Talking trash and the Lateran Treaty

There's a phone book. No, there is not a direct listing for the
Pope. Yes, I looked.
I am not in Kansas, and most definitely not in Bryn Mawr at the moment.  The Vatican Observatory is just across the border from Italy, in the Villa Barberini, the gardens and farm that form part of the Holy See's extraterritorial properties (this part of Vatican City State is, at 140 acres, bigger than Vatican City proper).  I'm staying in an apartment in the extraterritory, which is delightful, looking out onto a small enclosed garden gone slightly feral, with huge orange flowers, overgrown white roses, a pair of palm trees and an old, old olive tree that a flock of swallows calls home.  And a fountain.
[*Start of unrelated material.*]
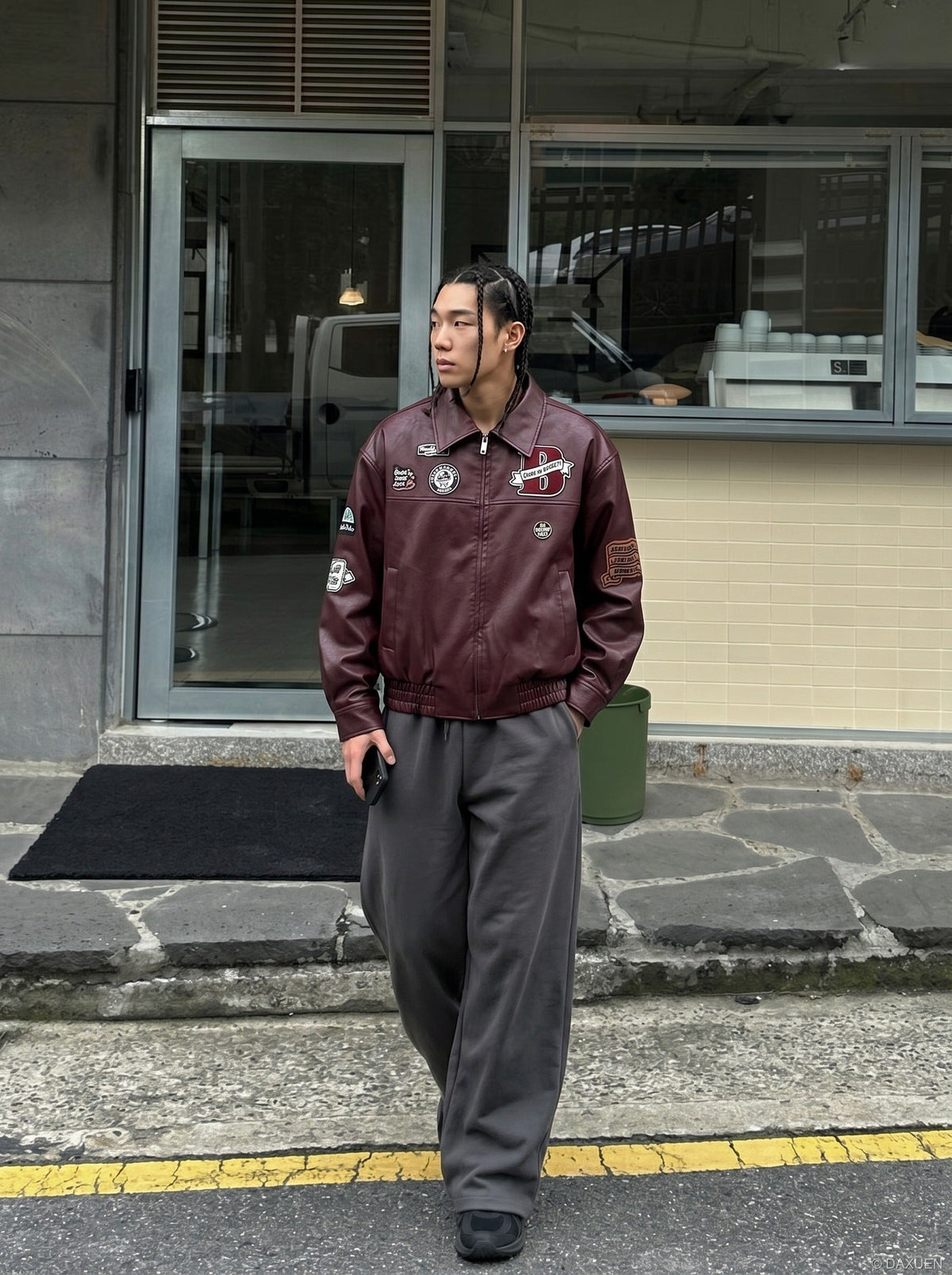 DAXUEN burgundy bomber jacket with beetle club patches — model photo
There are many ways I'm sure I'm in another world, I would know it even with my eyes closed.  The chant drifting in through the open window in my office, which I realize with a start is not a recording, but the nuns in the cloister next door chanting their Office.  The burble of the fountain in the courtyard below, the trucks circulating through town towing billboards and booming out ads, and the incredible silence that drops over the town between 2 and 4 for the riposo, the after lunch rest in the heat of the day.  And then there is the trash and recycling, which has to be transported across international boundaries.
View into the enclosed garden.

The question of how to deal with the Specola's garbage required consulting the provisions of the Lateran Treaty of 1929!  Rather than drive the trash and recycling into Rome (indeed, someone used to do that), now it gets moved across that international border between Vatican territory and Italy (and the Vatican reimburses the municipality for the services.) Though it sounds like a long haul, but it's just a few feet from the storage room to the street, a shorter distance than the recycling travels down my driveway at home.

In other ways, this feels much like home. The corso, with its eclectic mix of shops is different from Lancaster Avenue only in that cars are more likely to stop for you at the crosswalks and the incredibly narrow sidewalks. Walking two abreast is a challenge and at peak shopping times, I imagine it looks like a parade of ants threading their way from food source to home and back. The cascade of bells from the cathedral (which are just about even with my window and not even 100 meters away) remind it's noon, louder than Bryn Mawr's bells which chime the hours aways, but still a gentle cue to the passage of time.
Duomo (cathedral) in Albano, St. Bonaventure was once 
the bishop here.

And I will miss the after Mass-apertivos on the terrace overlooking the gardens. The other night was humid and the long tree lined avenue that leads away from this end of the gardens was misty.  The birds whirled up as someone walked by. The whole scene looked like it had been done with CGI, I half expected to see orcs come roaring down the avenue.  The sunsets have been glorious and the evenings pleasant, even as the days are hot.

I walk past the cathedral and can see the top of the cloister out my window, all so serene at the moment, but in World War II, the bombs did not spare it.  L'Osservatore Romano has the story here.

1 comment:

  1. Love your thoughts as they meander through the day of your days in Vatican City.